Building Relationships

There is one time each year when hundreds of young women swarm sorority row with bright eyes, breath mints, and lists of questions for each chapter: recruitment. It is an absolutely exhausting week that requires Olympic-level time management skills and nearly endless energy. During recruitment, you can justify almost anything from taping thousands of balloons to the ceiling until you can hardly lift your arms, using maxi pads as sweat absorbers, and working through high-fevers and family emergencies for the greater good of bettering your chapter and recruiting its future leaders.

While the focus during recruitment is getting to know the potential new members, it’s the relationship building that goes on between existing members that are truly magical. There’s just something about screaming chants into each other’s ears for seven days straight that changes a person (and I’m not being sarcastic).

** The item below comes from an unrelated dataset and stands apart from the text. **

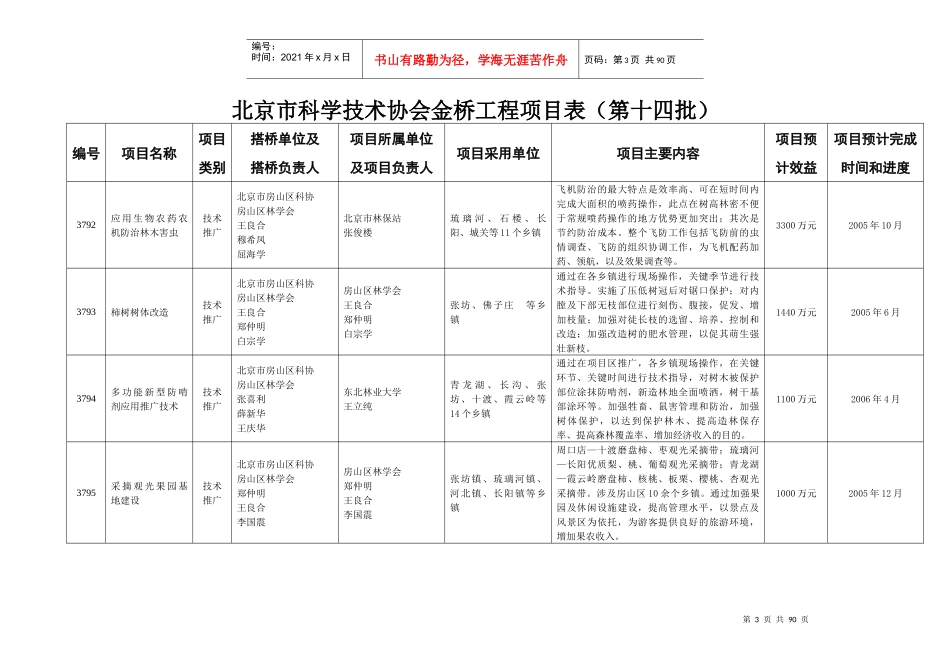 北京市科学技术协会金桥工程项目表（第十四批）-北京市科学_第3页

Recruitment is when new friendships form and the bond of sisterhood deepens to create lifelong connections.

Recruitment season taught me how to find common ground with someone in less than two minutes, the importance of researching people before you meet them, and communicating with an open heart and mind. The lessons I learned from Alpha Phi are what help me build relationships with my students and clients that transcend the work we do together through trust, compassion, and generosity.

Working from a Strategy

Each sorority has a clear mission, values, and goals, and of course, I realize this isn’t exclusive to sororities. However, you would be surprised how many brands and businesses I encounter that have no guiding principles but wonder why their struggling. There was not an event, email, social media post, or t-shirt that did not have a purpose.

When there is a constant turnover of the chapter’s leaders the only way to get things done is to have an iron-clad strategy that guides communication. As I learned more about the principles of public relations, I began to realize how central communication is to organizations like sororities. Without goals, there are no strategies, objectives, and most importantly, no measurable success, and there is nothing a sorority girl loves more than winning!

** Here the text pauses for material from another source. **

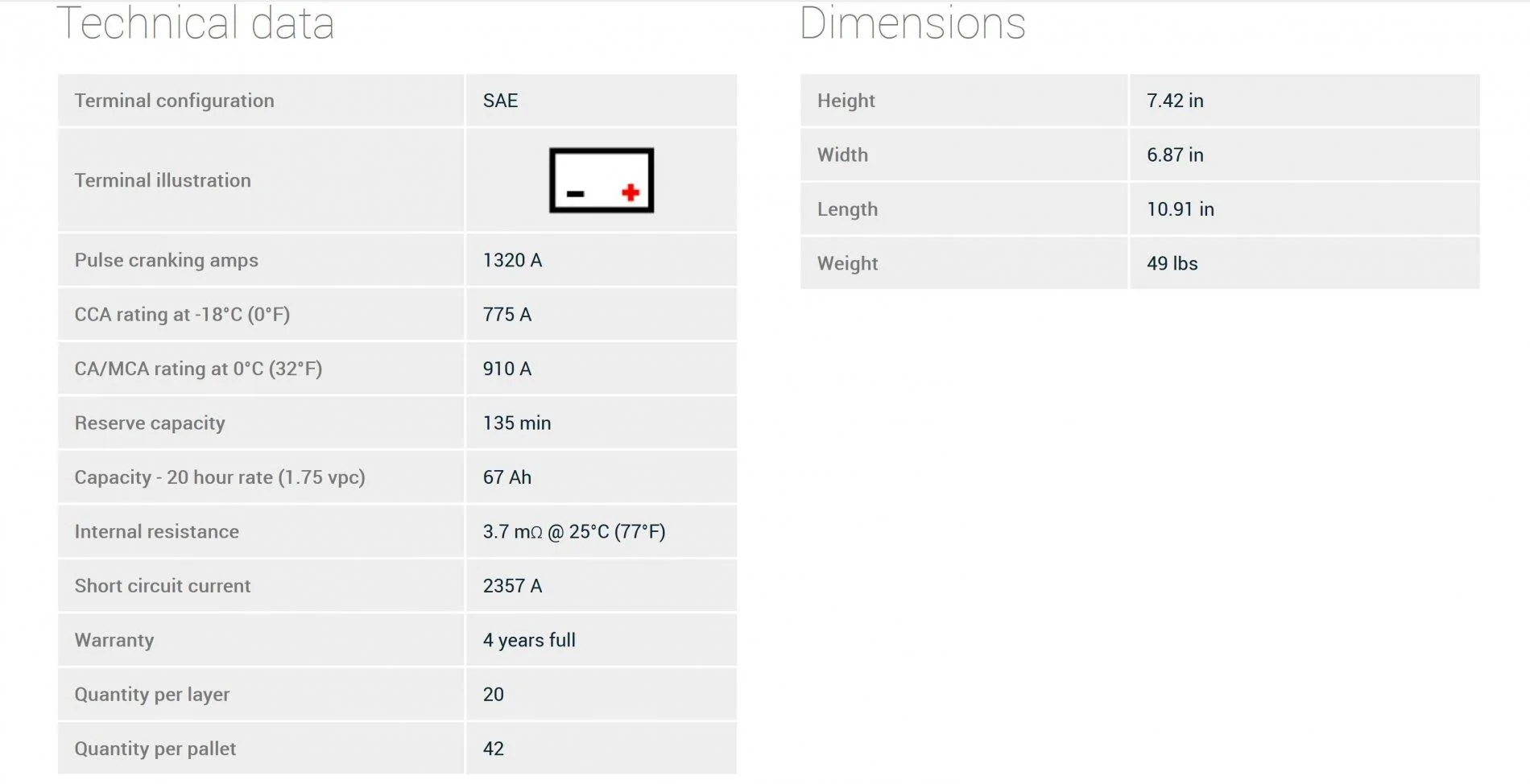 Jeep Wrangler JL ESS Dual Battery Management Northstar specs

My experience as a collegiate member who reaped the benefits of the working strategy, to holding officer positions where I got to help execute the strategy, and as an advisor who was helping to create the strategy, I learned at each level how there is no success without a strategy. It is this mindset that helps me lead my clients to success and teach my students how to effectively practice public relations.

Personal and Professional Boundaries

This last point is one of the biggest lessons. It is hard to work with people and be friends with them simultaneously. It is also hard to hold your friends/sisters accountable for their actions and create consequences when things go wrong without wrecking your personal relationships. Sorority girls have this mastered and it is an experience I have carried with me ever since my active membership.

The key to personal and professional boundaries, in my opinion, is respect. When you have self-respect, you can more easily and confidently stand up for yourself in tough situations and rely on your inherent strengths to make positive progress. Additionally, when you have respect for others and the organization at large, you can appreciate and understand that sometimes things look different when people put on their work hats and it’s nothing personal and it most certainly doesn’t take away from their personal feelings toward you. True friends support our professional endeavors and respect our boundaries and through my experience in sorority life, I learned this first hand.

Today, I rely on the boundary lessons I learned to create personal relationships with students and clients that go beyond the work we are doing together but do not impede that work, either. I realize that it’s okay to have work and personal life separation but that it’s also okay for the two areas to overlap. I can be a good friend and maintain professionalism and vice versa and with that mindset, everyone gains and succeeds together.